Multiple Choice Questions

1. What do art and ecstasy recall to us, in Chesterton's words? (Chesterton 2000, p.g 212)
(a) "For certain dead levels of our life we forget that we have forgotten."
(b) "All the fire of the fairy tales is derived from this."
(c) "There is no connection, except that one has seen them together."
(d) "For one awful instant we remember that we forget."

2. In Chapter One, what has Christianity named the mixture of the well-known and the unknown?
(a) Romance.
(b) Incarnation.
(c) Mystery.
(d) Transubstantiation.

3. How does Chesterton feel about the book Orthodoxy once it is completed?
(a) He would never read it.
(b) He is very proud of it.
(c) It is not perfect but he's happy.
(d) He wants to write a sequel.

4. Who does Chesterton name as the only great English poet to go mad?
(a) Shakespeare.
(b) Poe.
(c) Dryden.
(d) Cowper.

5. How does the book look in relation to Chesterton, according to the author himself?
(a) Egotistical.
(b) Self-sufficient.
(c) Altruistic.
(d) Paltry.

6. "[T]he happiness depended on not doing something which you could at any moment do and which, very often, it was not obvious why you should not do." (Chesterton 2000, pg 215) What is Chesterton's opinion of this condition for happiness?
(a) He thinks it depends on the fairy tale.
(b) He thinks it is immaterial.
(c) He thinks it is just.
(d) He thinks it is unjust.

7. How does Chesterton end Chapter One?
(a) Exhorting the reader to examine his definition of "orthodoxy."
(b) Beginning to lay the foundation of Christian-Judeo history.
(c) Claiming to prove every premise to his thesis.
(d) Saying that he will write another book if challenged.
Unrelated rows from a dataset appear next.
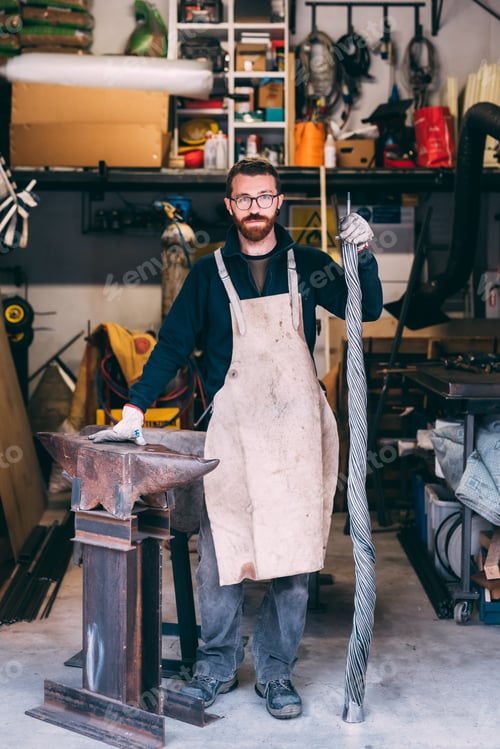 Preview: Portrait of metalworker leaning on anvil in forge workshop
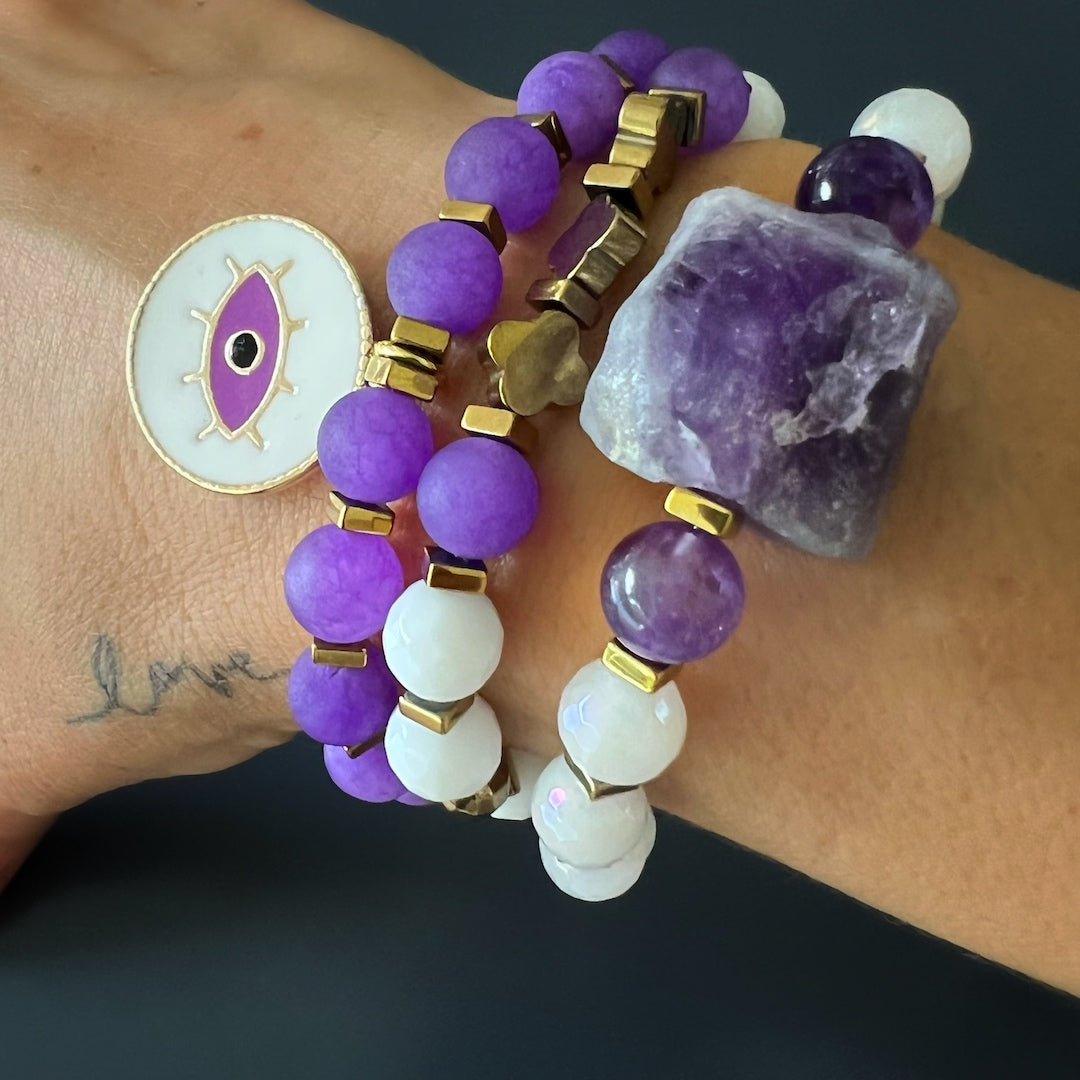 Experience the charm of the Purple Romantic Bracelet Set as the hand model wears it with grace and poise.
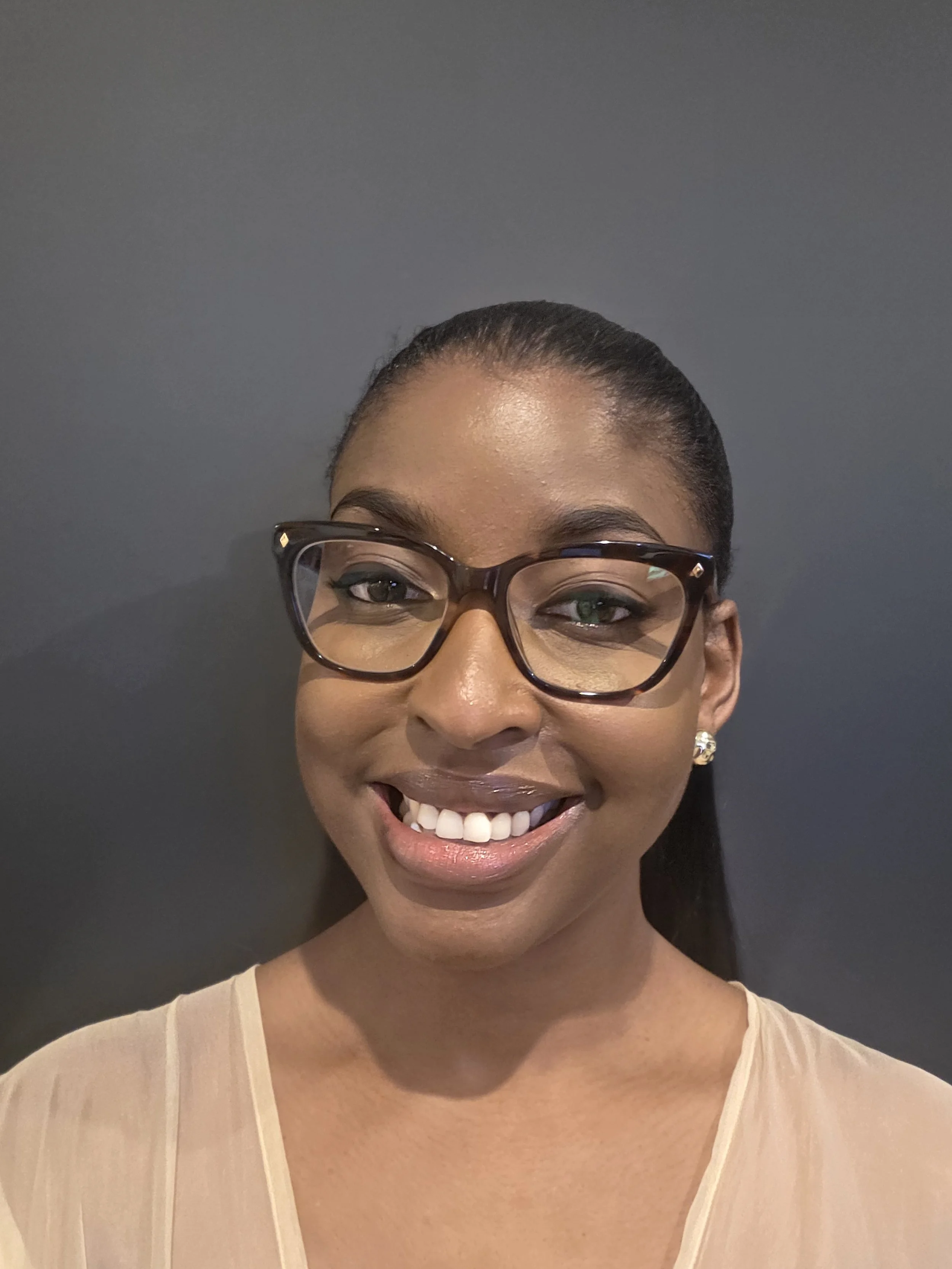 Audiologist working at Clear Ears Perth Tanya who has long dark hari and wears glasses and is smiling in a professional photo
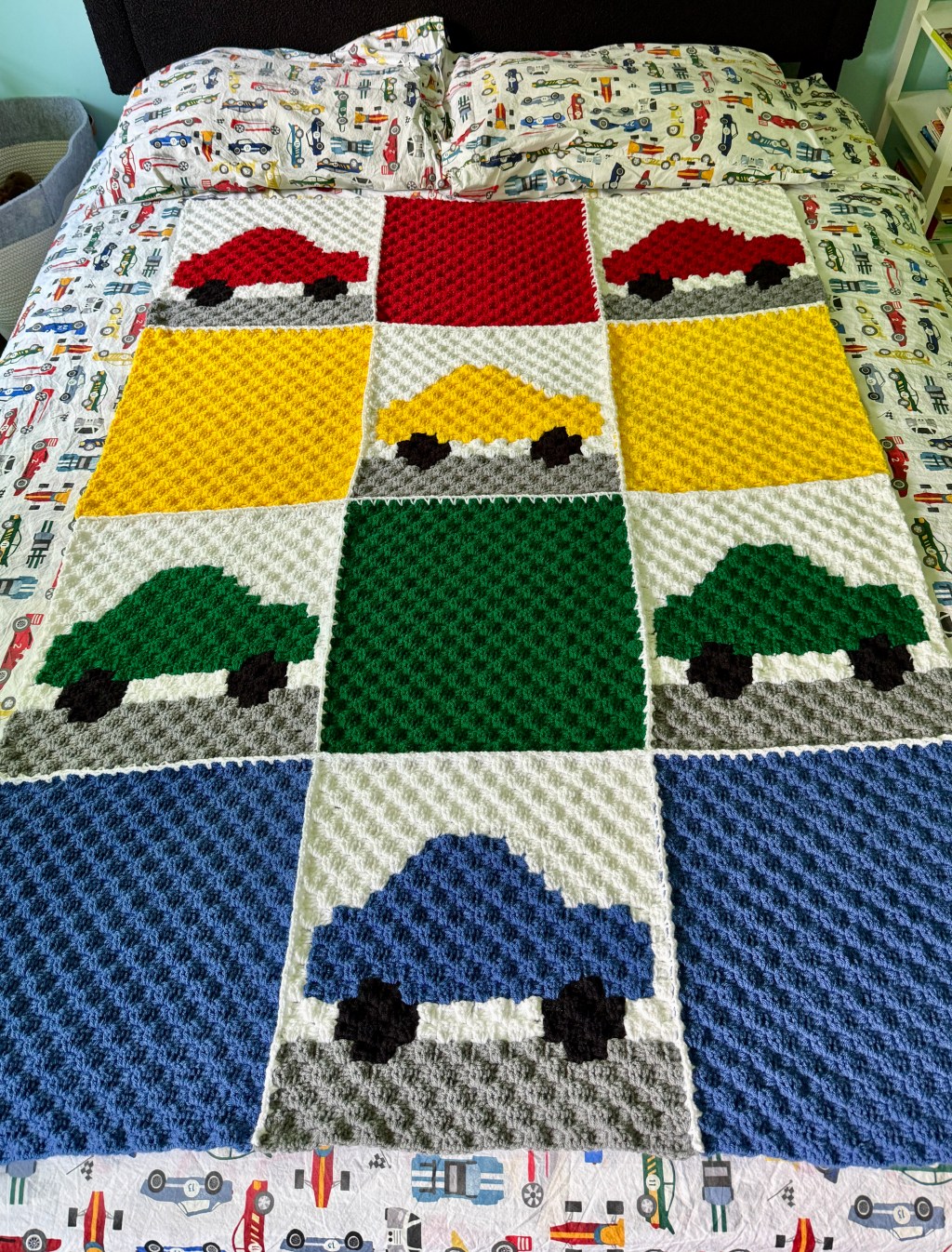 Colorful crochet blanket with red, yellow, green, and blue car squares spread across a bed with race-car sheets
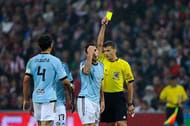BILBAO, SPAIN - SEPTEMBER 16: Hugo Mallo of RC Celta de Vigo is shown a yellow card by referee Gil Manzano during the La Liga match between Athletic Club and RC Celta de Vigo at San Mames Stadium on September 16, 2013 in Bilbao, Spain. (Photo by David Ramos/Getty Images)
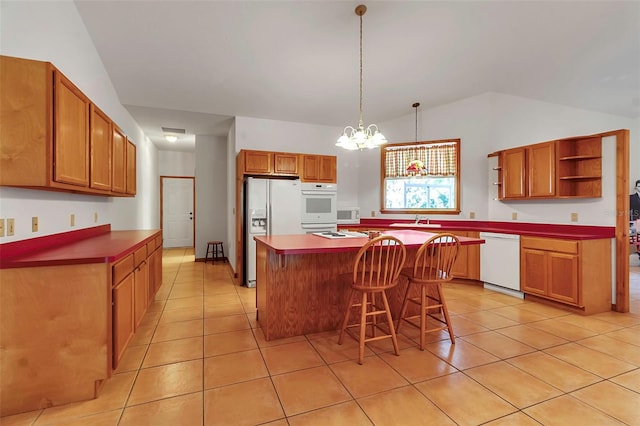 kitchen with a kitchen bar, open shelves, a sink, white appliances, and light tile patterned floors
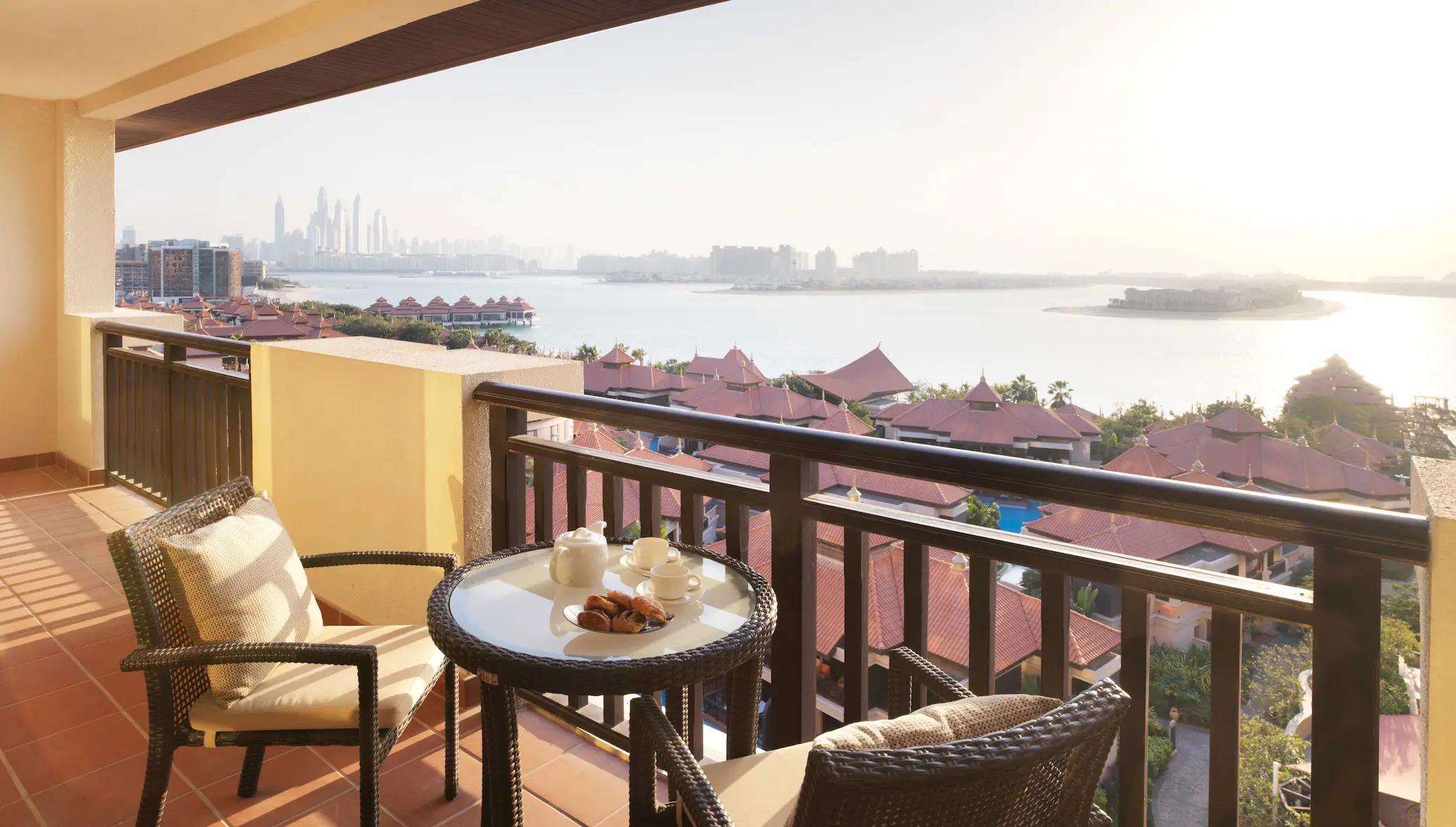 One-Bedroom Apartment balcony at Anantara The Palm Dubai with Palm Jumeirah views and outdoor seating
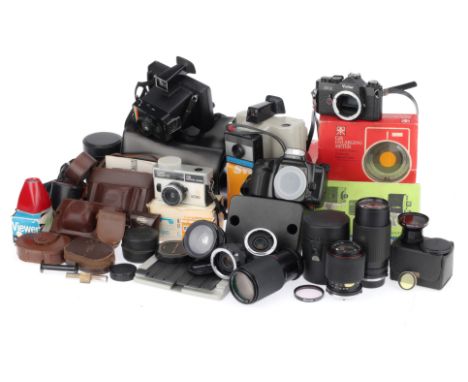 A Good Selection of Mixed Photographica, to include two Polaroid Swinger cameras, exposure meters, a Minolta 300si SLR, a Pat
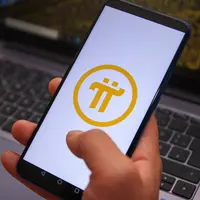 Hand holding a smartphone bearing the Pi Network logo Hand holding a smartphone bearing the Pi Network logo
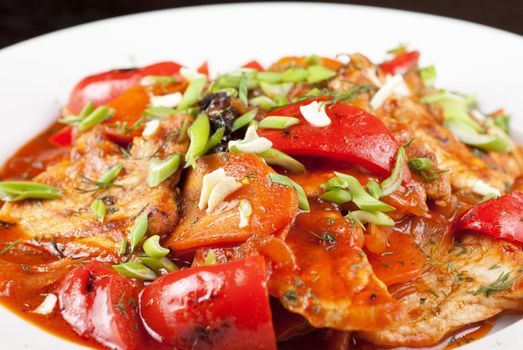 pork meat with tomato, pepper, prunes, garlic and green onion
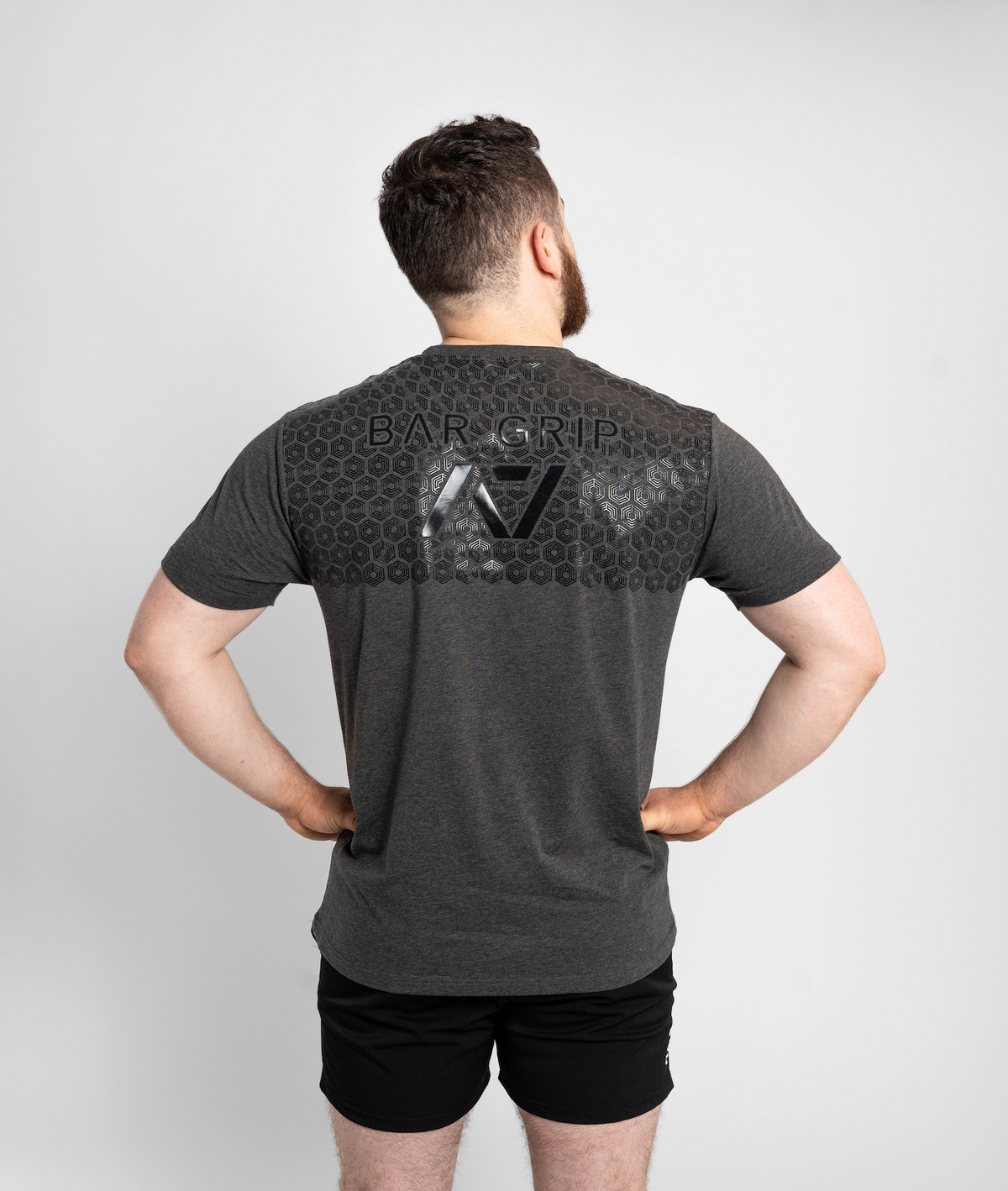 Man wearing a gray t-shirt with a7 bar grip on the back against a white background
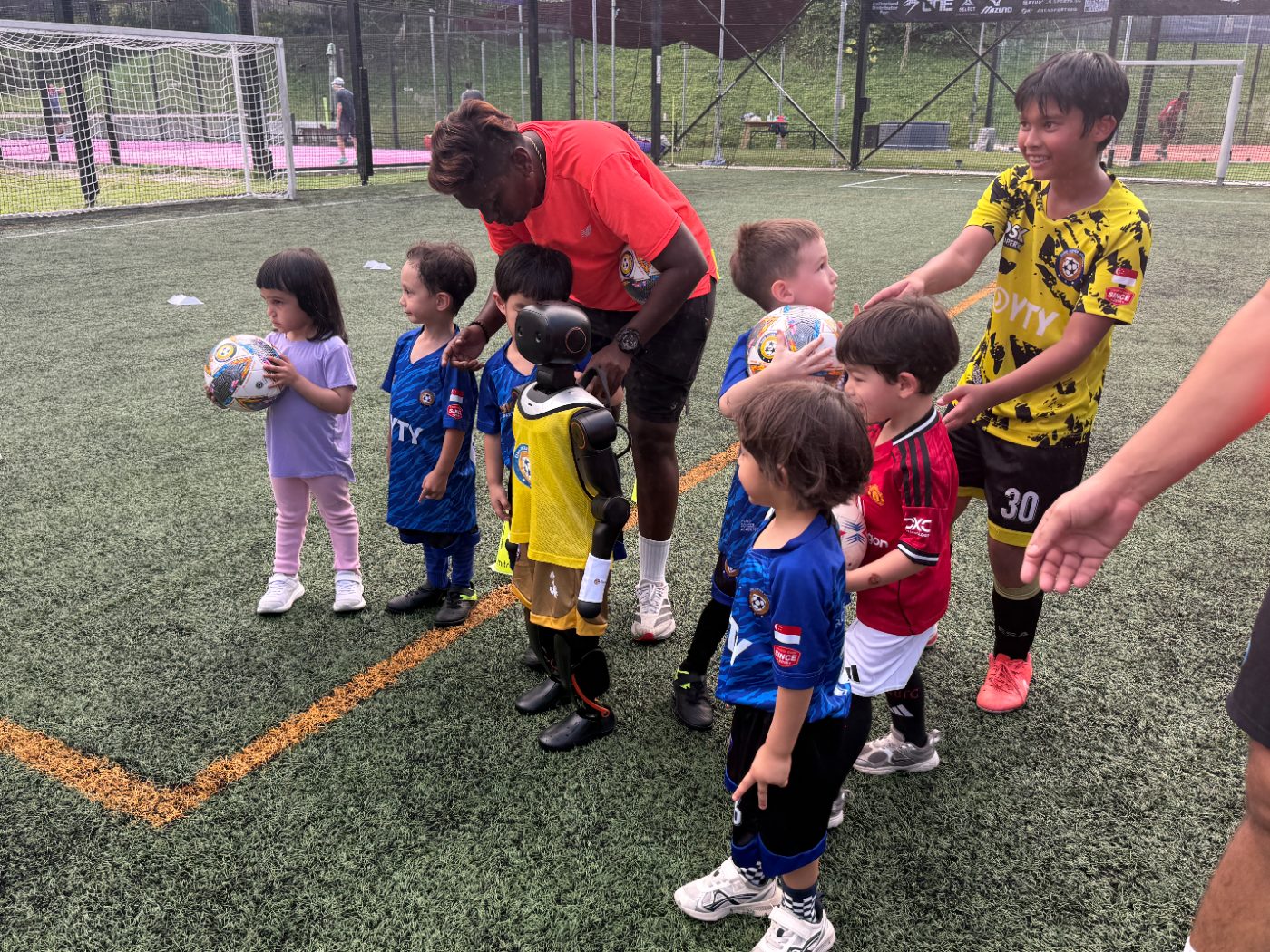 Young football players line up beside a Booster K1 humanoid robot wearing a team bib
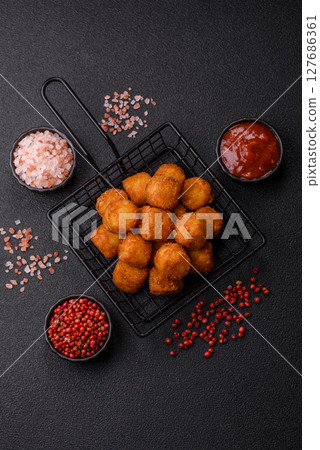 Cheese or potato croquettes, balls fried in breading with salt, spices Cheese or potato croquettes, balls fried in breading with salt, spices 127686361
8. Using the standards of the moralists, why does Chesterton say that the universe cannot be called large?
(a) Because man can fully understand it.
(b) Because there is nothing to compare it to.
(c) Because fairy tales explain it.
(d) Because God made it.

9. Why does Chesterton admire Joan of Arc?
(a) She provides courage to the French.
(b) She is an icon of Christianity and courage.
(c) She is everything that he admired.
(d) She turned her fright into courage, when faced with battle.

10. What does Chesterton explain as his method for proving his argument?
(a) Laying out arguments as he had thought of them, and then discovering they were already proven in Christianity.
(b) Laying out each argument as he refuted the skeptics.
(c) Laying out arguments with an acronym he came up with for his faith.
(d) Presenting each tenet of a well-reasoned case for Christianity.

11. What does Chesterton assert as a necessity for the human mind?
(a) Belief in objective truth.
(b) Belief in the power of progress.
(c) Belief in the Christian God.
(d) Some type of religious grounding.

12. What does Chesterton label as the second problem of modern intellectualism?
(a) Brashness.
(b) Fanciful thinking.
(c) Confidence.
(d) Helplessness.

13. In fairy tales and fiction, what change does Chesterton name that makes the stories monotonous?
(a) There is no original model for a hero.
(b) The hero has no precedent for resolution to the conflict.
(c) The hero is now abnormal and his adventures are not surprising.
(d) The hero is boring and not surprised by the adventures.

14. What does Chesterton say happens when a skeptic revolts against everything?
(a) He becomes excellent at tearing down established ways of thinking.
(b) He learns to rebut every traditionalist.
(c) He begins to distrust everything.
(d) He loses his right to speak out against anything.

15. Chesterton says that this common ground is mostly found among what group of readers?
(a) Readers from Eastern culture.
(b) Well-educated readers.
(c) Readers from Western culture.
(d) People who have read a large amount of Christian apologetics.

Short Answer Questions

1. As Chesterton explains the origin of the word, the moon is the mother of which group of people?

2. What document does Chesterton refer to by the word "orthodoxy"?

3. What fact do religious men no longer accept as a foundational belief?

4. What thing does Chesterton despise more than anything else?

5. What widespread mistake about mystical imagination does Chesterton want to erase?